Defence of Crossgar
DESCRIPTION: Thrashers prepare "not to leave a Protestant soul in Crossgar" on St Patrick's Day. A policeman encourages them and the peelers don't stop them. "Many a Thrasher that day was detained" by Orange shot. "We fought them and beat them an hundred to one"
AUTHOR: unknown
EARLIEST DATE: 1987 (Smyth/Bush/Long-OrangeLark)

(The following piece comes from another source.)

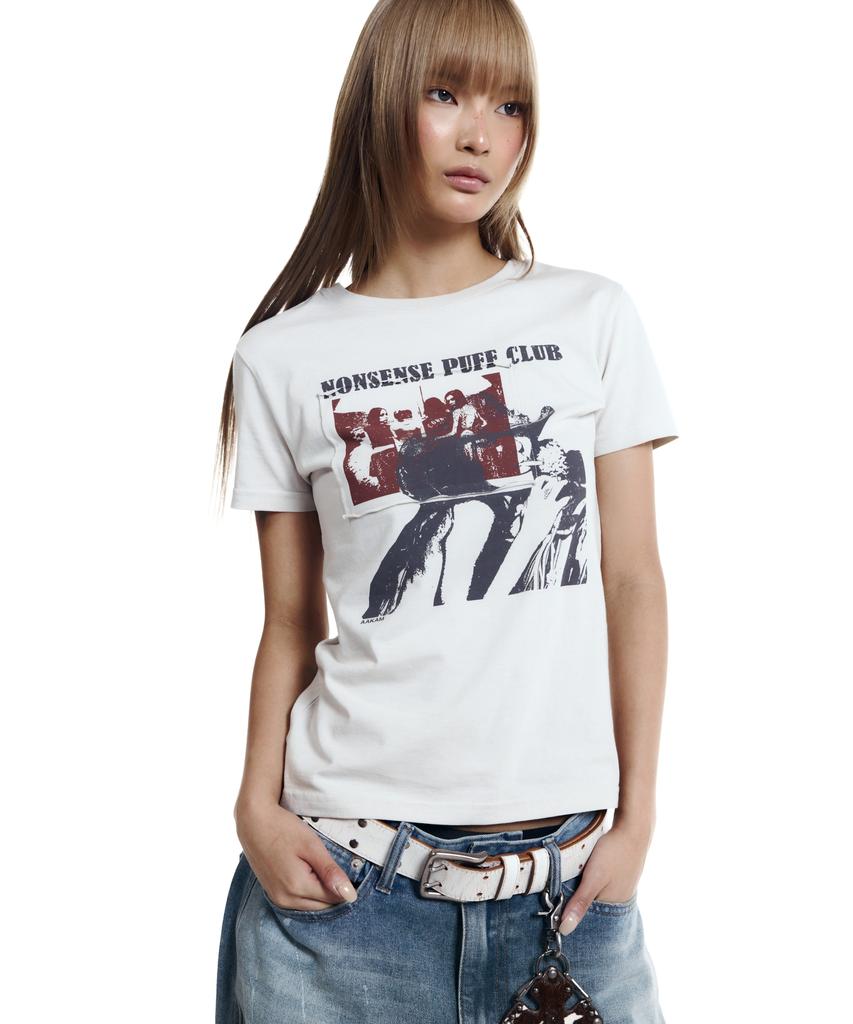 AAKAM Nonsense Puff Club Half Top (Beige)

KEYWORDS: violence Ireland patriotic political police
HISTORICAL REFERENCES:
Mar 17, 1849 - "Ribbon parades at Castlewellan and Crossgar were attacked by Orangemen, and at Crossgar a policeman and a young woman were killed" (source: Neil Jarman and Dominic Bryan, _From Riots to Rights; Nationalist Parades in the North of Ireland_ (1997),
FOUND IN:
REFERENCES (1 citation):
Smyth/Bush/Long-OrangeLark 13, "Defence of Crossgar" (1 text)
CROSS-REFERENCES:
cf. "The Seige of Carrick" (tune, according to Smyth/Bush/Long-OrangeLark)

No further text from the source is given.